Discussion and Conclusion
Further research is required to explore ways to engage with young people using digital web-based services for a longer period and to collect and analyse single-session outcome data.
Implications (Reprinted from the Discussion)
The current study provides a profile of young people presenting at a digital mental health support service delivering text-based therapy across 15 months, and a systematic evaluation of outcome change for those engaging with an online structured therapeutic intervention via synchronous chat. The findings help us to understand which young people engage with digital mental health interventions and how, and contribute to the growing body of evidence on the effectiveness of digital support for young people.
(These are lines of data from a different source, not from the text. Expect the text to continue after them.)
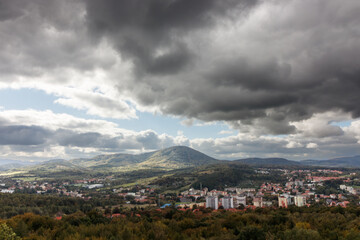 Pejzaż, widok na g&oacute;ry i okolicę
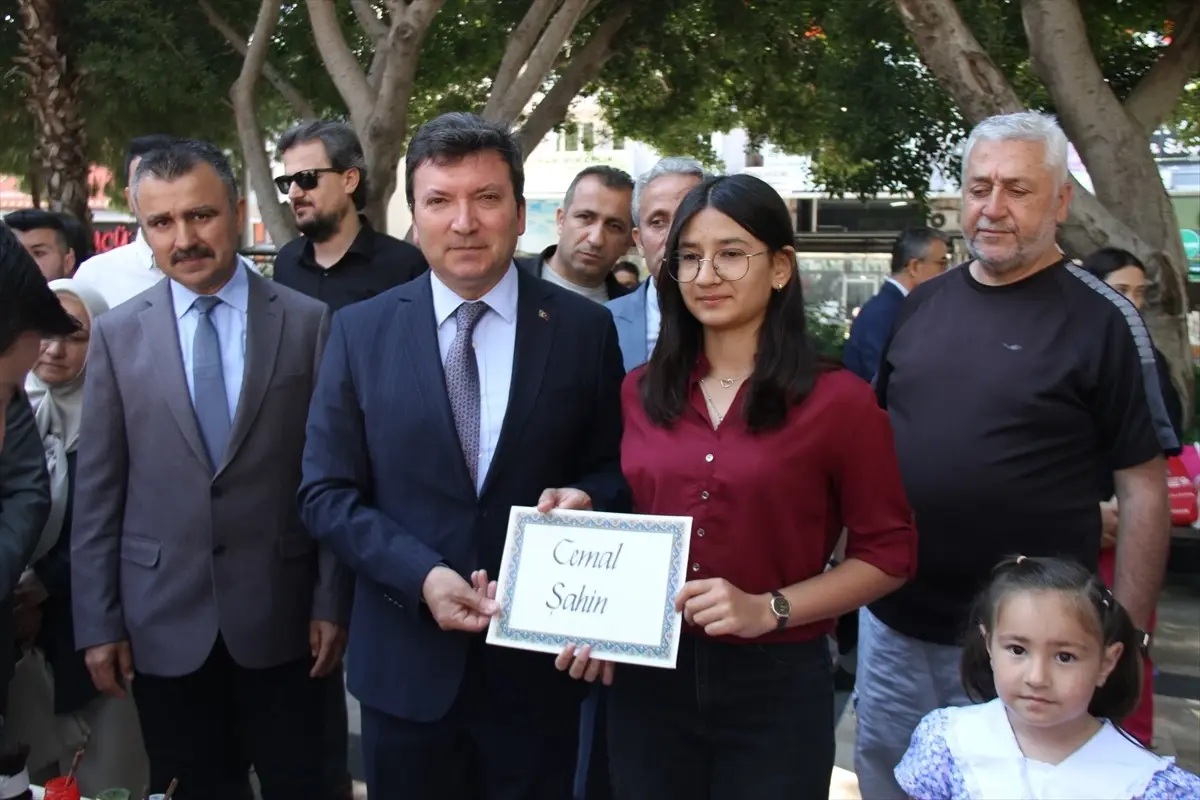 Serik’te Gençlik Haftası ve Aile Yılı dolayısıyla yürüyüş yapıldı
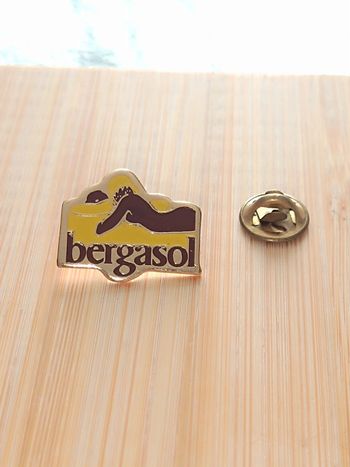 Pin's crème solaire 💛Bergasol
Users engaging in a structured therapeutic intervention were predominantly female (79%). This is in line with uptake patterns in CYP-IAPT (59.75%; Wolpert et al., 2016), voluntary sector community mental health services (64.6%; Duncan et al., 2020), and secondary school counselling (56.31%; Cooper, 2009), although to a greater extent. It is well-established that men are less likely to seek help for mental health difficulties compared to women (Sagar-Ouriaghli et al., 2019), but these findings suggest that digital mental health services may not constitute an equitable pathway to support for male users, even in the context of reduced male help-seeking. Research should prioritise exploring potential barriers to access for male service users who disengage after registering.